Lo que hoy conocemos como cristianismo católico se fragua bajo el reinado del emperador hispano Teodosio I, quien sirvió de puente entre los estertores del paganismo y un naciente culto solar al que dio el definitivo impulso que lo haría hegemónico en Europa durante muchos siglos. Lo cierto es que la incipiente Iglesia se convirtió en apenas doce años —los que separan el Edicto de Milán del Concilio de Nicea—en la religión más importante del Imperio, aunque no en la única, ya que de acuerdo al Edicto de Milán (313) si bien se permitía a los cristianos realizar sus reuniones para la práctica de sus liturgias de forma libre y sin persecuciones, tenía que convivir con el resto de credos que coexistían, creencias que años más tarde fueron consideradas heréticas.

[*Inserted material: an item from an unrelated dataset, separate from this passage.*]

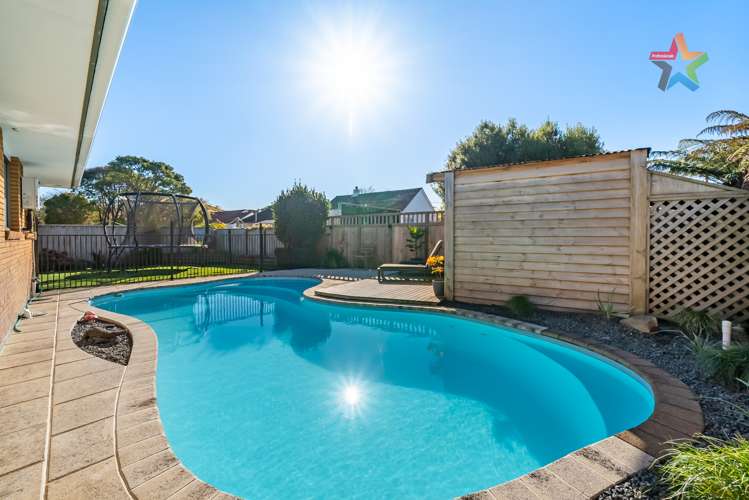 28 Mcenroe Grove Naenae_18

Y llegó el Concilio de Nicea. Había que definir un pensamiento único ante tanto desbarajuste teológico. Una hábil maniobra de Constantino orquestada desde distintos ángulos eclesiásticos y políticos, con la participación de obispos de varias regiones cristianas, para fijar lo que era correcto o incorrecto en cuanto a las creencias que debían imperar. En esos momentos la Iglesia cristiana, con todas sus variantes, disfrutaba de tranquilidad y libertad para congregarse abiertamente y la idea cristiana que en esos momentos estaba muy dividida, sobre todo por dos conceptos o visiones sobre la naturaleza humana o divina de Jesucristo. El que había encendido la llama de la duda fue Arrio (presbítero de Alejandría) haciendo sus diatribas y negando furibundamente la naturaleza divina de Jesús.